Patrick Wallace. Death.
“Cassa walked into this with her eyes open,” Danna snapped. “She knew she would be facing a killer.”
“She doesn’t deserve to die,” Myron argued heatedly. “For God’s sake, Danna, we’ve both lost mates. Do we really want to force another to live as we have?”
“Did they care when we lost our mates?” Patrick kept his voice low, commanding. “We’re still at war, Myron, don’t let propaganda tell you any differently. We use the weapons at our disposal, and that is all Ms. Hawkins is here, a weapon against Watts. How or if she survives isn’t my concern. Finding my child and killing that bastard is my concern.”
“Will it bring them back?” Myron was the one Patrick had always known would falter at this point. He would falter, but he wouldn’t betray them. For that reason he was still alive.
“Nothing can bring them back,” Danna whispered, and they both looked to him, as though he had the power to turn back time and return the laughter to them.
“Nothing can bring them back,” he told them. “All we can do now is make them pay. With each one we kill we learn more. There’s four left to go besides Watts. I want them all dead. Every one of them.”
He would never live to see that final closure. The Breeds would stop him; Jonas Wyatt would eventually figure out who he was. The pills Danna had managed to steal from Brandenmore’s labs wouldn’t last forever.
Patrick had taken a risk in sending the pills to Cassa Hawkins. It had been a calculated risk, but it had drawn her here. She was now distracting the Bengal he was having problems with, distracting Jonas, and soon she would distract Watts. That was all he needed. Just one moment of time to strike.
“If we kidnap her before he arrives, before Jonas has a chance to throw a net around her, then we can draw Watts straight to you,” Danna argued. “If we wait, we could lose out on the goal we’ve been fighting for.”
He stared back at her, his heart heavy. How much she had lost. Not just her mate and her child, but her very soul. Sometimes he felt the vacancy within her, and knew the pain this would have caused his treasured baby brother.
How Raine had loved this woman. His first smile had been because of her laughter. His first night without nightmares had been because of her presence in his bed. His first tears of joy had been the day they had learned she carried his child.

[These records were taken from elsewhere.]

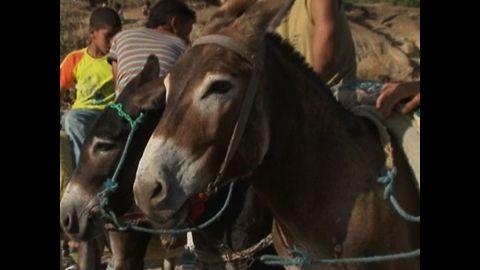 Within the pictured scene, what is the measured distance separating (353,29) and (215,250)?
4.39ft

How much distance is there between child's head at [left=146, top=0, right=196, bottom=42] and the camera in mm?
5203

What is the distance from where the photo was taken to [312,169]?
3.64 m

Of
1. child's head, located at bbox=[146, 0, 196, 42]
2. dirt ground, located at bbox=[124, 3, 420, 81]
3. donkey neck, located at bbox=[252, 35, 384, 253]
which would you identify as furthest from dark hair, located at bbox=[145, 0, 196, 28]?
donkey neck, located at bbox=[252, 35, 384, 253]

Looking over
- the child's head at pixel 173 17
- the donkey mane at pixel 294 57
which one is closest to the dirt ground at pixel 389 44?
the child's head at pixel 173 17

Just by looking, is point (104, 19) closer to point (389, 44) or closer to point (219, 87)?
point (389, 44)

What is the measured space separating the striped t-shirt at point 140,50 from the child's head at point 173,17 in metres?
0.13

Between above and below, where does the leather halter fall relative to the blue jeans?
above

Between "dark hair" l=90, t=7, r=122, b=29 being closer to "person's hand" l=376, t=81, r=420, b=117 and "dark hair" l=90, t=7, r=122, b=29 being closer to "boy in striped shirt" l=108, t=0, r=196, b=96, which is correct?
"boy in striped shirt" l=108, t=0, r=196, b=96

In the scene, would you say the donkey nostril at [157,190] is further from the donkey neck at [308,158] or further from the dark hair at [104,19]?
the dark hair at [104,19]

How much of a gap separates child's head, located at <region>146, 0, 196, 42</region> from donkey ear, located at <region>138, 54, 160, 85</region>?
0.43m

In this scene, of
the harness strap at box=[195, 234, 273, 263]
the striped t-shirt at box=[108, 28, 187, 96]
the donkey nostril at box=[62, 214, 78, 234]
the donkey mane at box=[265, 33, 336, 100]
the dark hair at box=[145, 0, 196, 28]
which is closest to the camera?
the donkey mane at box=[265, 33, 336, 100]

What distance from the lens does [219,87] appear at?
3.46m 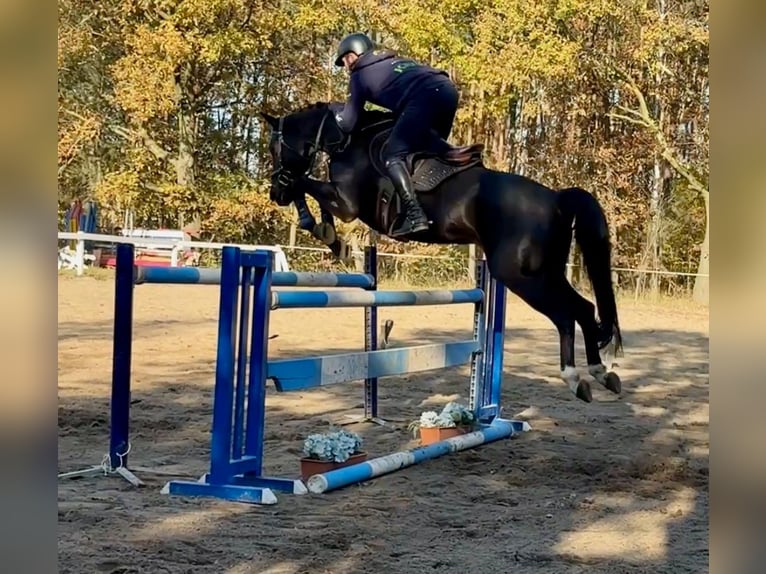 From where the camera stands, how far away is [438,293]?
18.1ft

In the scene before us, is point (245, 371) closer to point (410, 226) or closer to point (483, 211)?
point (410, 226)

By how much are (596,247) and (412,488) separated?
1.41 metres

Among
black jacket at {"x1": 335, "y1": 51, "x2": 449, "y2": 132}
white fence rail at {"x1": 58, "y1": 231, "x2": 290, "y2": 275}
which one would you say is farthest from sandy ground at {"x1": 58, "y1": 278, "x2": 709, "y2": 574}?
white fence rail at {"x1": 58, "y1": 231, "x2": 290, "y2": 275}

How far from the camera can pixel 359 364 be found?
4.80 m

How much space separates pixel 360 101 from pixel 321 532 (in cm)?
240

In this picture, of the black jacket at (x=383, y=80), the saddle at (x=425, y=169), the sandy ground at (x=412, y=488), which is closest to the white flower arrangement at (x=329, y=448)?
the sandy ground at (x=412, y=488)

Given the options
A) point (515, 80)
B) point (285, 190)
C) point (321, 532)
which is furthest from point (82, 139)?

The night Raine died, a part of Danna had died as well. The night those bastards had held her down and the Reaper had stolen her soul, and the life of her child, Danna had ceased to exist as a woman. She had emerged from that hell broken, irrevocably damaged and without the mate who could have eased her spirit.
They had buried Raine without his head, but Patrick had known they had buried Danna’s soul with him.
“Taking her before Watts arrives would be a mistake,” he finally ordered them both. “We wait until he’s here.”
“The risk is too great,” Danna bit out fiercely. “Rick, they’ll be ready for us then.”
“They’re ready for us now.” He shrugged. “They’ll be more distracted once Watts arrives and so will she. We wait.”
He moved away from them, heading up the hill, using the trees to hide his presence, knowing he would blend into the forest in a way that even another Breed couldn’t track.